I agree, but comparing to the normal adjacency list, I think this method is more efficient, I've tried this in some problems on different online judges specially problems with flows, and it was better than the normal adjacency list. I guess I've to do some comparisons on different graph algorithms and see the results.
Very lovely explanation! I was happy to finally see a written explanation of this method after learning it from fegla! There is an interesting thing about this method, with a very tiny edit, we can implement a sort-of visited flag over the edges we traverse in a dfs, if we set 'e' to be a reference variable and update it before we recurse, we guarantee that an edge is not visited twice (because it is "removed" from the adj list). Because e is a reference, each iteration overrides the current edge with the next edge, this eventually leads to all edges being removed, hence "visited". This can be a fun way to implement an Euler path.
Unfortunately, this only works for the forward edge, in an undirected graph, this does not automatically remove the back edge. We can fix this by including a visited array over the edges as normal. While this does not make the trick as elegant, it is more efficient (because under no circumstances an edge is ever visited more than twice)
How is this uncommon? It's on the Wikipedia page of Adjacency list , which cites Introduction to Algorithms for the idea.
I'm not sure if you read the blog carefully, This is different from the normal adjacency list. The method I mentioned here has two arrays (head, edges), on the other hand, the adjacency list has maybe vector<vector> or whatever representation.
I'm not sure if you read the Wikipedia page carefully, so I copy it here for you.
Cormen et al. suggest an implementation in which the vertices are represented by index numbers.[2] Their representation uses an array indexed by vertex number, in which the array cell for each vertex points to a singly linked list of the neighboring vertices of that vertex. In this representation, the nodes of the singly linked list may be interpreted as edge objects; however, they do not store the full information about each edge (they only store one of the two endpoints of the edge) and in undirected graphs there will be two different linked list nodes for each edge (one within the lists for each of the two endpoints of the edge).
Well, I've read this paragraph multiple times, and what I understood is it describes the normal adjacency list, correct me If I'm missing something!

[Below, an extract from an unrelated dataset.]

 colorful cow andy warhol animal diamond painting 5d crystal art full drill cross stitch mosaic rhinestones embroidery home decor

It means that each vertex has its own linked list, but this is different from what I described in the blog.
What is described here is: each edge has its own index in array, and each edge is pointing to next edge, and we have another array where each vertex is pointing to the index of last added edge.
Can you show me any equivalent sentences in the article you mentioned? as I cannot see how it's the same thing?

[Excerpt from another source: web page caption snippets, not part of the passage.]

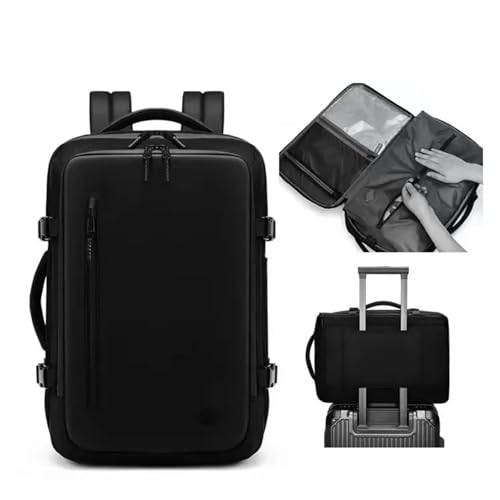 RRYPBOVG Vakuum Rucksack Vakuum-Kompressionsrucksack Mit Vakuumpumpe, Erweiterbarer Reiserucksack for Männer Und Frauen, Von Fluggesellschaften Zugelassene Business-Tasche, 60 L(I-Vacuum Compression) von RRYPBOVG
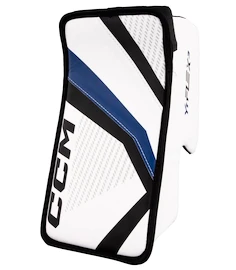 Guanto respinta da hockey CCM YTflex 3 white/white/royal/black Youth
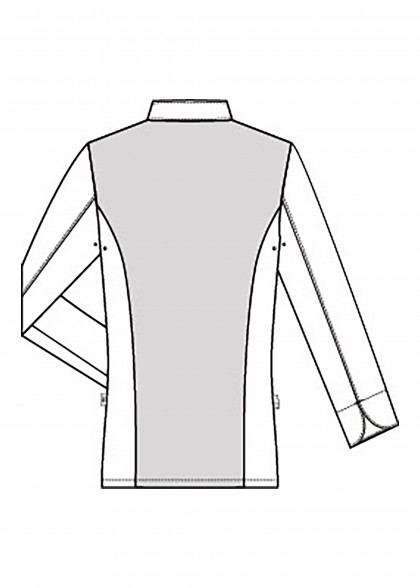 Langarm Kochjacke für Damen von Greiff Zeichnung hinten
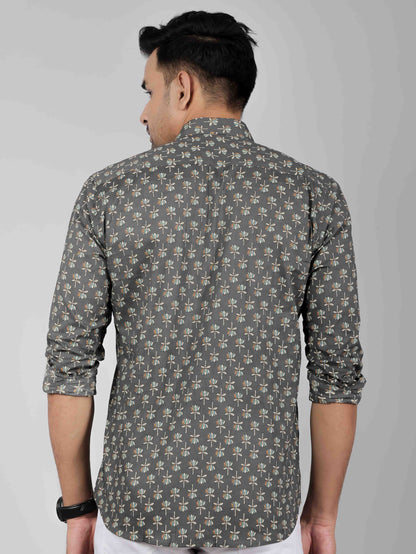 Men by House of Gulab Full  Sleeves Cotton Shirt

It's just the matter of how linked list is implemented.
Your method is just the normal adjacency list described on Wikipedia with linked list implemented with "pre-allocated array and index".
Most of the properties remain even if you implement it with "dynamically allocated memory and pointer". Each edge has its own address in memory, and each edge is pointing to next edge, and we have another array where each vertex is pointing to the address of last added edge.
Does anybody have problems that can be solved efficiently using this representation and is much better than other representations?